Once a year the “Coordination Center for Equal Opportunities, Advancement of Women and Gender Studies” at the University Natural Resources and Life Sciences Vienna (BOKU) awards this prize for the best scientific thesis on a gender and diversity specific topic at the university. The selected master's thesis of Ayelech Kidie Mengesha investigated the impact of rural land certification on household’s decision to plant trees with a specific focus on women’s rights to trees in the Gozamen District in East Gojjam Zone, Ethiopia. She was nominated for the MSc and subsequently the PhD grant by the APPEAR project EduLAND2 – a project that aims at improving the education of land administration in Ethiopia – for which she has been actively engaged in the past year by contributing insights through her research papers and studies.
Her research topic is highly relevant in the context of agroforestry and gender issues. The gender-specific approach is treated in the work as a cross-sectional issue. The thesis is a substantial contribution to an equal access to land and other natural resources between male and female persons in a local and global context referring to SDG 5 - Gender Equality.

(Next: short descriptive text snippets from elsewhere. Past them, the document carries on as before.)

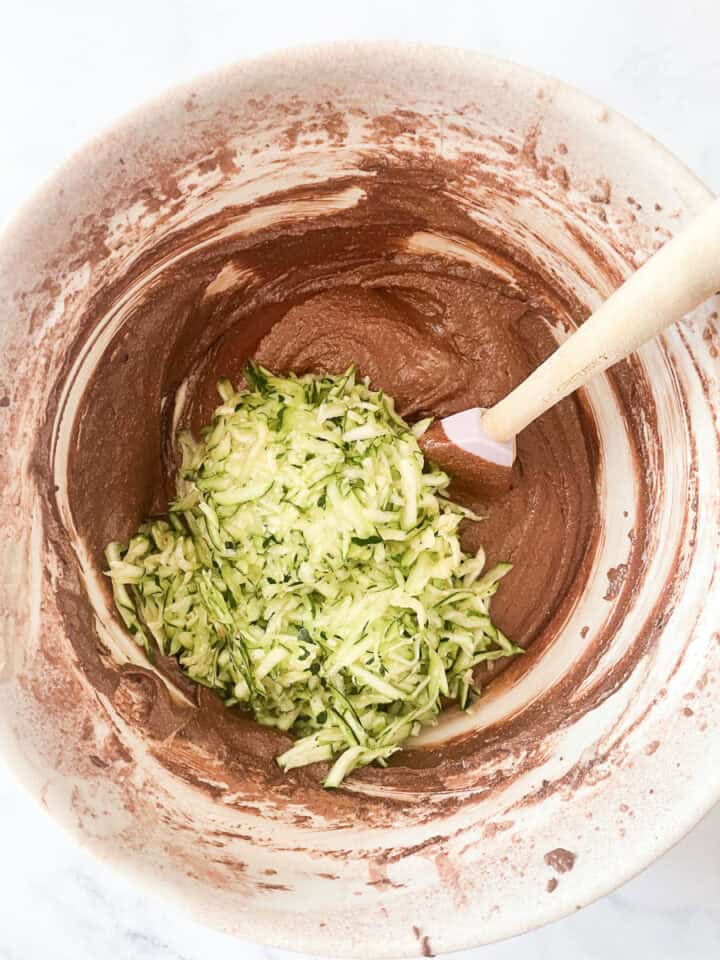 Shredded zucchini is added to the batter.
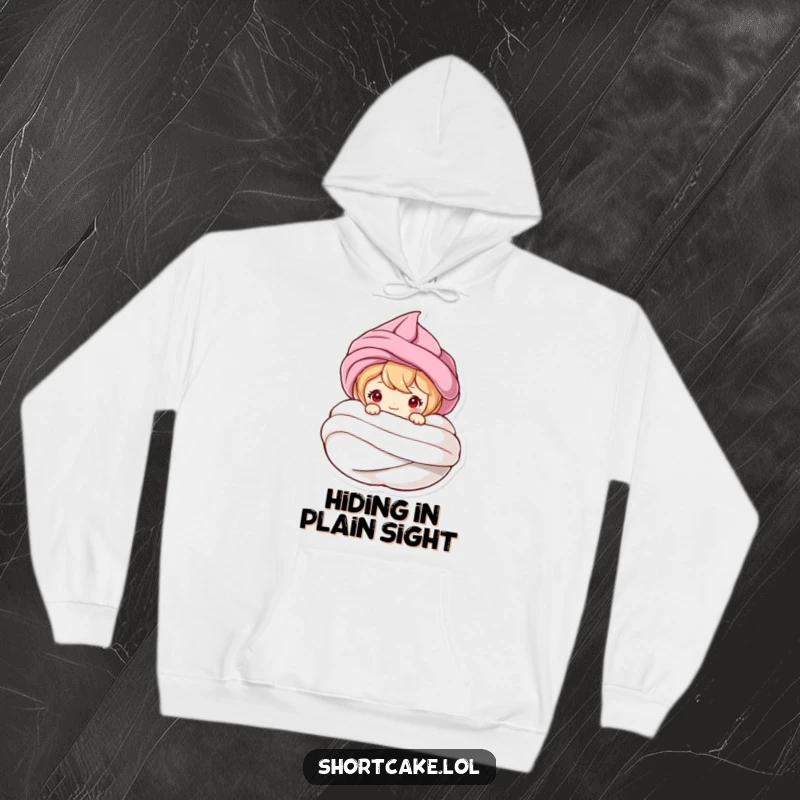 Funny cozy hoodie with a shortcake character peeking from a meringue swirl, offering warmth and a playful, humorous vibe.
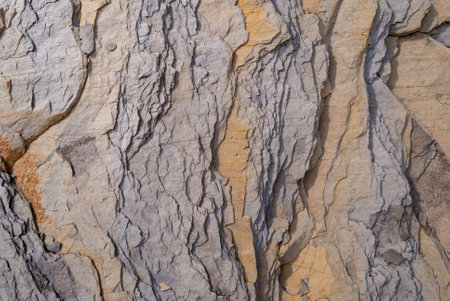Layered rock with red veins in the Swiss Alps as background.
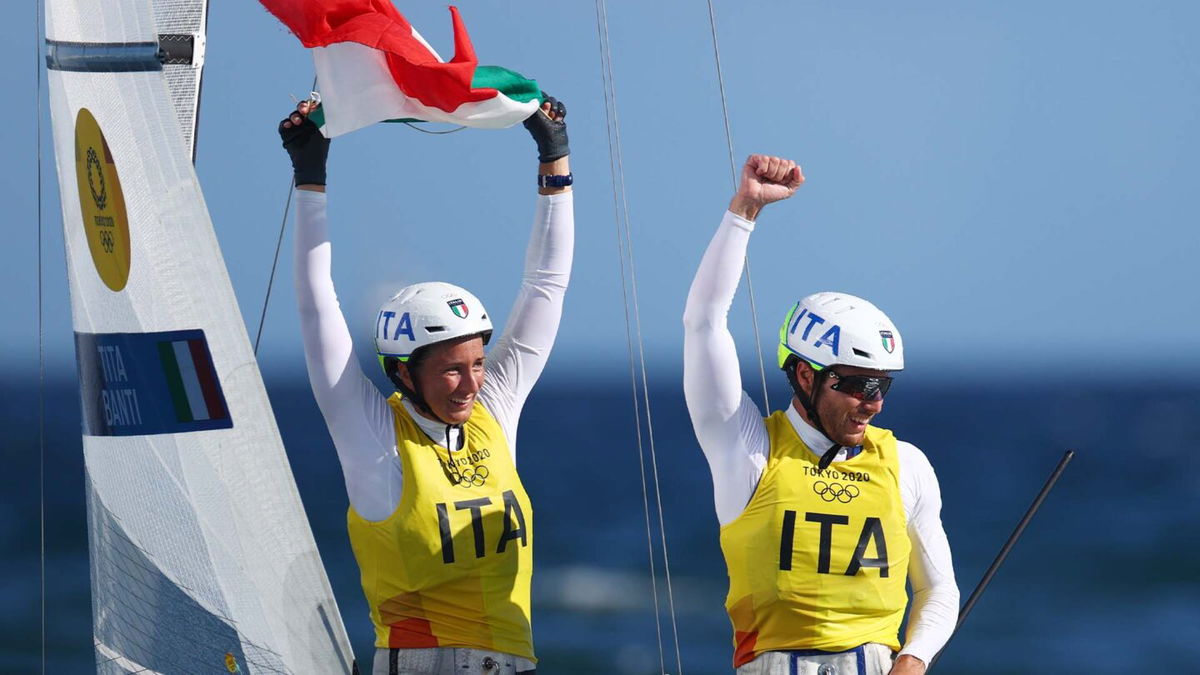 The Italian sailing team celebrates after their gold medal race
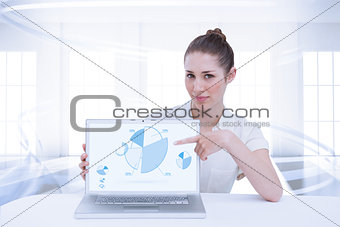 Composite image of businesswoman showing a laptop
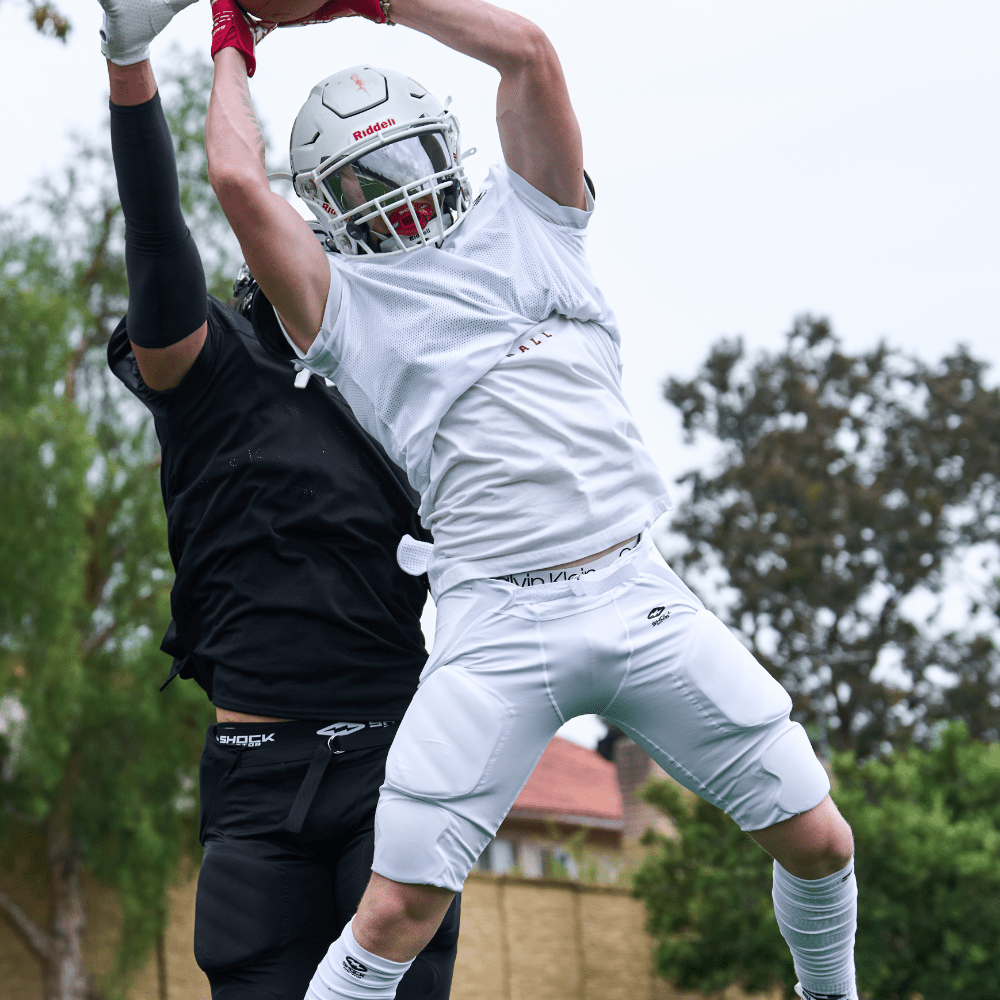 Lifestyle Image of Youth Tackle Football Receiver Wearing Shock Doctor Showtime Football Integrated Pant (White)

It is already the second time that an APPEAR scholarship holder wins the Inge Dirmhirn Prize. In 2016, Lemlem Aregu Behailu received the prize for her research on: “Resilience of communal grasslands in the Ethiopian highlands: Integrating gender and social learning”.
Ayelech Kidie Mengesha has been an APPEAR scholarship holder since March 2017. She has completed her second master’s degree in mountain forestry at BOKU University in February 2019. Currently she is a PhD student at BOKU, Vienna and she is the coordinator of Debre Markos University (DMU) in the Africa-UniNet.